Jo Gardner

Personal information
- Full name: Joanne Lynda Gardner
- Born: 25 March 1997 (age 29) Newport, Isle of Wight, England
- Batting: Right-handed
- Bowling: Right-arm off break
- Role: All-rounder

Domestic team information
- 2010–2016: Northamptonshire
- 2017–2022: Warwickshire
- 2021: → Essex (on loan)
- 2018–2019: Loughborough Lightning
- 2020–2024: Sunrisers
- 2021: Oval Invincibles
- 2022: Southern Brave
- 2023–present: Northamptonshire
- 2023: Trent Rockets
- 2024–present: Oval Invincibles

Career statistics
| Competition | WLA | WT20 |
| Matches | 97 | 116 |
| Runs scored | 1,332 | 1,145 |
| Batting average | 19.58 | 18.17 |
| 100s/50s | 0/6 | 0/3 |
| Top score | 86 | 79* |
| Balls bowled | 2,223 | 1,076 |
| Wickets | 70 | 36 |
| Bowling average | 21.87 | 28.58 |
| 5 wickets in innings | 3 | 0 |
| 10 wickets in match | 0 | 0 |
| Best bowling | 6/21 | 3/25 |
| Catches/stumpings | 29/– | 36/– |
- Source: CricketArchive, 19 October 2024

= Jo Gardner =

English cricketer

Joanne Lynda Gardner (born 25 March 1997) is an English cricketer who currently plays for Northamptonshire and Oval Invincibles. She plays as an all-rounder, bowling right-arm off break and batting right-handed. She has previously played for Warwickshire, Essex, Loughborough Lightning, Sunrisers, Southern Brave and Trent Rockets.

==Early life==
Gardner was born on 25 March 1997 in Newport, Isle of Wight. She attended Loughborough University.

==Domestic career==
Gardner made her county debut in 2011, for Northamptonshire against Derbyshire. She scored 2 runs and bowled 7 overs without taking a wicket. 2013 was a breakthrough year for Gardner, as she took 15 Championship wickets at an average of 14.26, as well as taking her maiden five-for, with 6/21 against Oxfordshire. In 2014, she was the leading wicket-taker across the whole Championship, taking 19 wickets at an average of 9.47. She took 5/23 against both Scotland and Hampshire. She hit her maiden county half-century in 2015, against Leicestershire, and went on to hit three more in 2016, and was the leading run-scorer for her side in both competitions.

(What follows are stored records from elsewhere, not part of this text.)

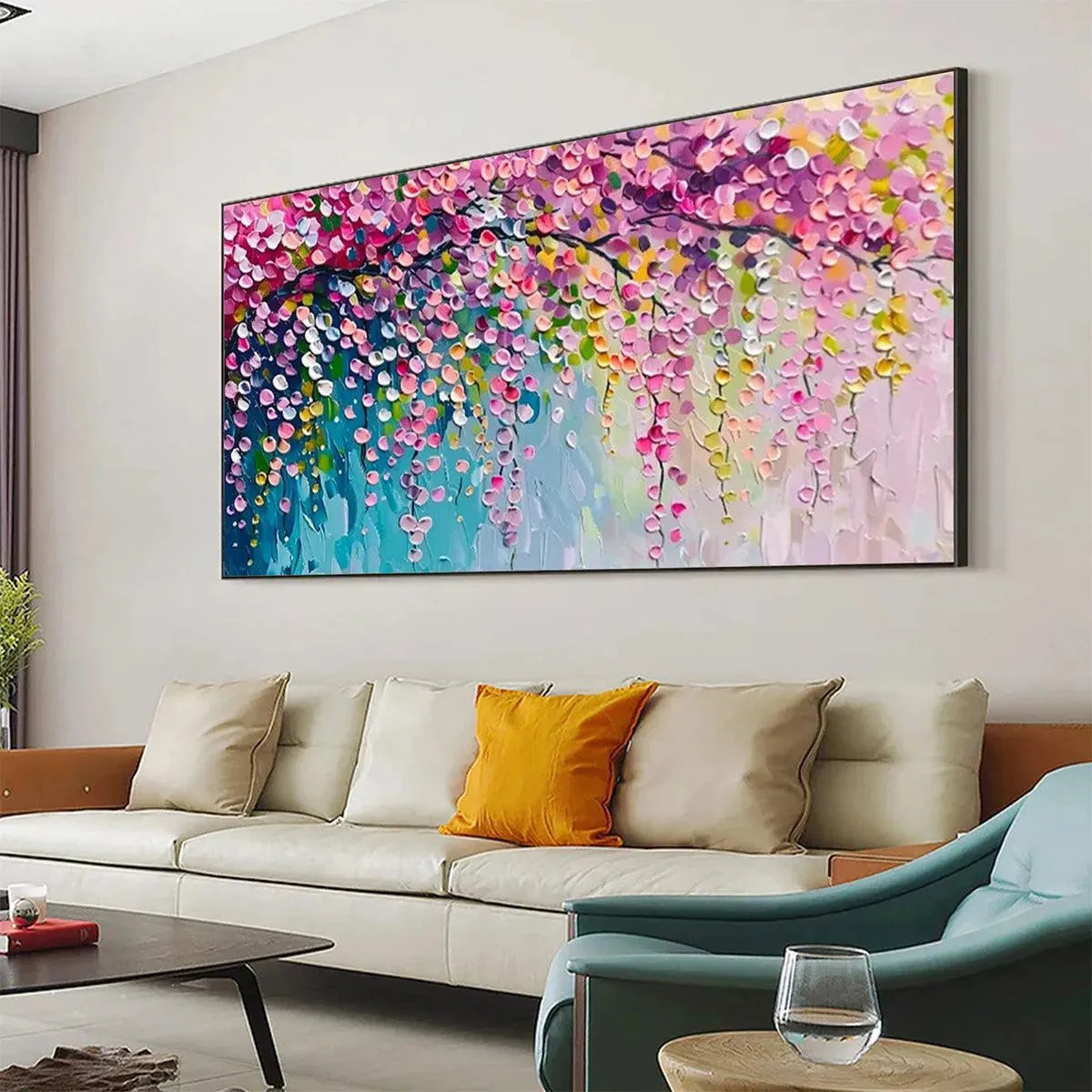 Wisteria Cascade art by Elodie Dubois: Impressionist painting of cascading pink and purple blossoms, horizontal wall art.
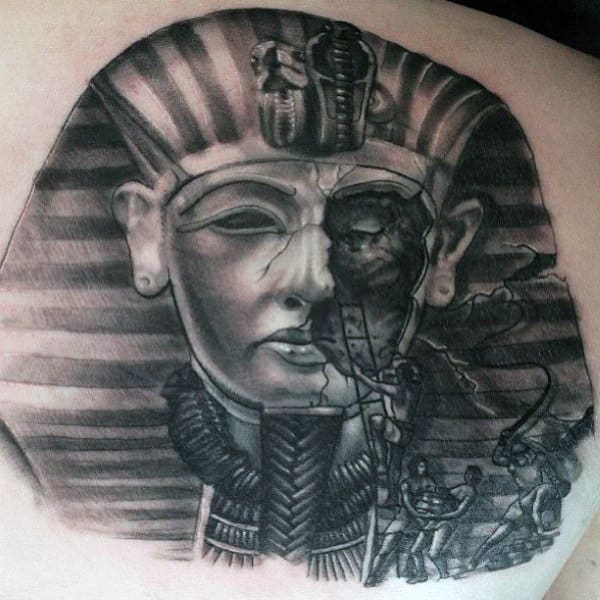 Egyptian Slaves Rebuilding Kit Tut Monument Mens Shoulder Tattoo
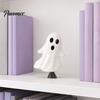 Portable Decorative Figurine Cute Ghost Night Light with Spring Base, USB Powered Mini Spooky Halloween Dynamic Ornament Tree Topper LED for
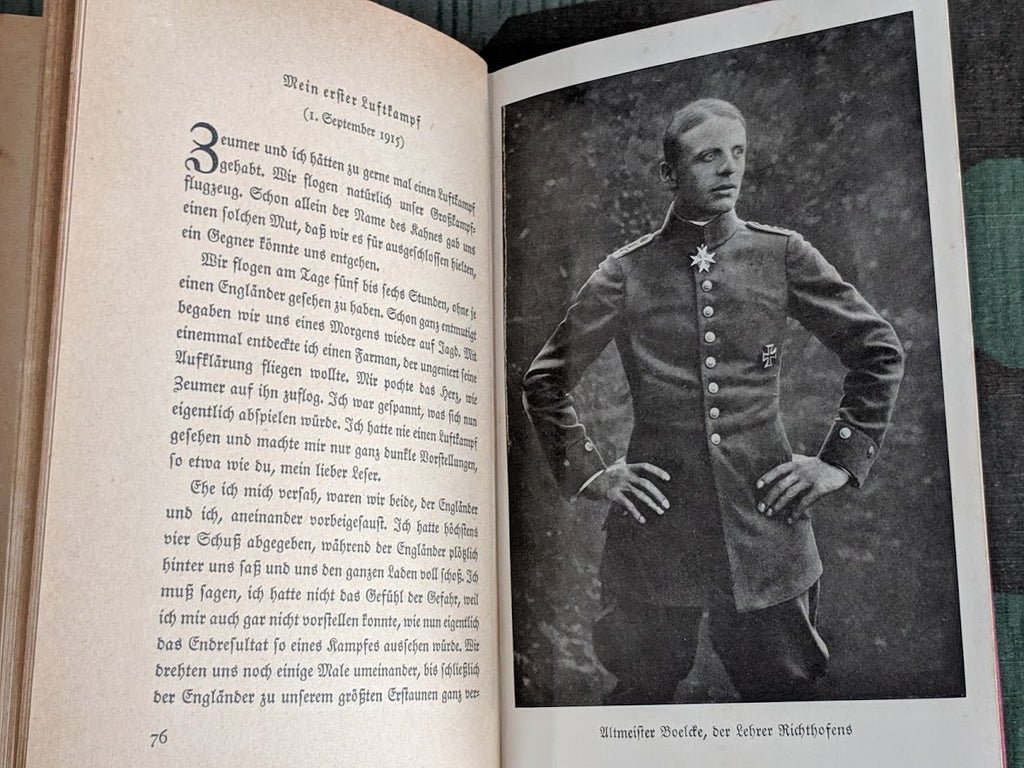 Red Baron Von Richthofen Der Rote Kampflieger 1933 Book (Forward by Göring) & Postcard — image 7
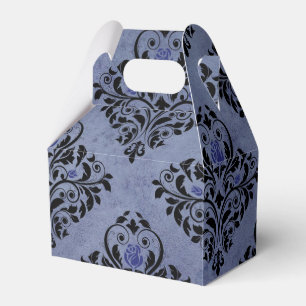Caixinha De Lembrancinhas Preto e Azul Floral Damask Grunge Vintage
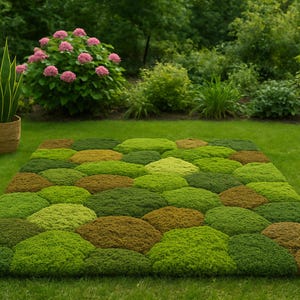 Handmade Moss Tufted Rug: Nature-Inspired Plush Green Floor Art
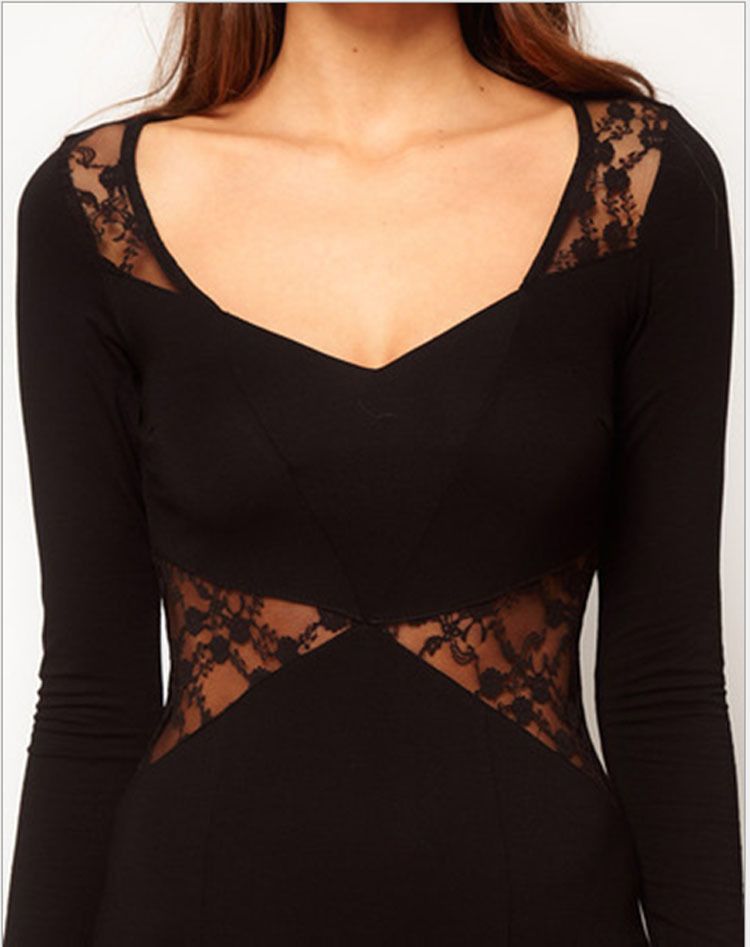 一件代发 2013新款蕾丝拼接高弹长袖针织不规则侧开叉连体裙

In 2017, Gardner joined Warwickshire. She hit 54* in her first match for her new side, in a 2 wicket victory over Kent. Gardner was part of the Warwickshire team that won the 2019 Women's Twenty20 Cup.

In 2021, after playing in the Twenty20 Cup for Warwickshire, Gardner went on loan to Essex for the Women's London Championship in order to play 50-over cricket. She re-joined former side Northamptonshire ahead of the 2023 Women's Twenty20 Cup. She took six wickets in eight matches for the side that season.

Gardner was also part of Loughborough Lightning's squad in the Women's Cricket Super League in 2018 and 2019. She played one match in 2018, but did not bat or bowl. She played three matches in 2019, including the semi-final, and took two wickets.

In 2020, Gardner played for Sunrisers in the Rachael Heyhoe Flint Trophy. She appeared in all 6 matches, and was her side's leading run-scorer and joint leading wicket-taker, with 193 runs and 7 wickets. She scored one half-century, 54, in a losing cause against Western Storm. In December 2020, it was announced that Gardner was one of the 41 female cricketers that had signed a full-time domestic contract. Gardner played 11 matches for the side in 2021, across the Rachael Heyhoe Flint Trophy and the Charlotte Edwards Cup, taking two wickets and with a top score of 42, made off 30 balls against Northern Diamonds. She also played nine matches in Oval Invincibles' victorious campaign in The Hundred. Ahead of the 2022 season, Gardner remodelled her bowling action, becoming an off break bowler, having previously bowled medium pace. She played eleven matches for Sunrisers in 2022, across the Charlotte Edwards Cup and the Rachael Heyhoe Flint Trophy, scoring 193 runs and taking eleven wickets. She moved to Southern Brave in The Hundred, but did not a play a match for her new side.

In 2023, she played 15 matches for Sunrisers, across the Rachael Heyhoe Flint Trophy and the Charlotte Edwards Cup, with a top score of 37*. She also played seven matches for Trent Rockets in The Hundred, scoring 57 runs. In 2024, she played 26 matches for Sunrisers, across the Rachael Heyhoe Flint Trophy and the Charlotte Edwards Cup, scoring two half-centuries.

In October 2024, she signed for Essex Women ahead of the 2025 women's domestic cricket restructure.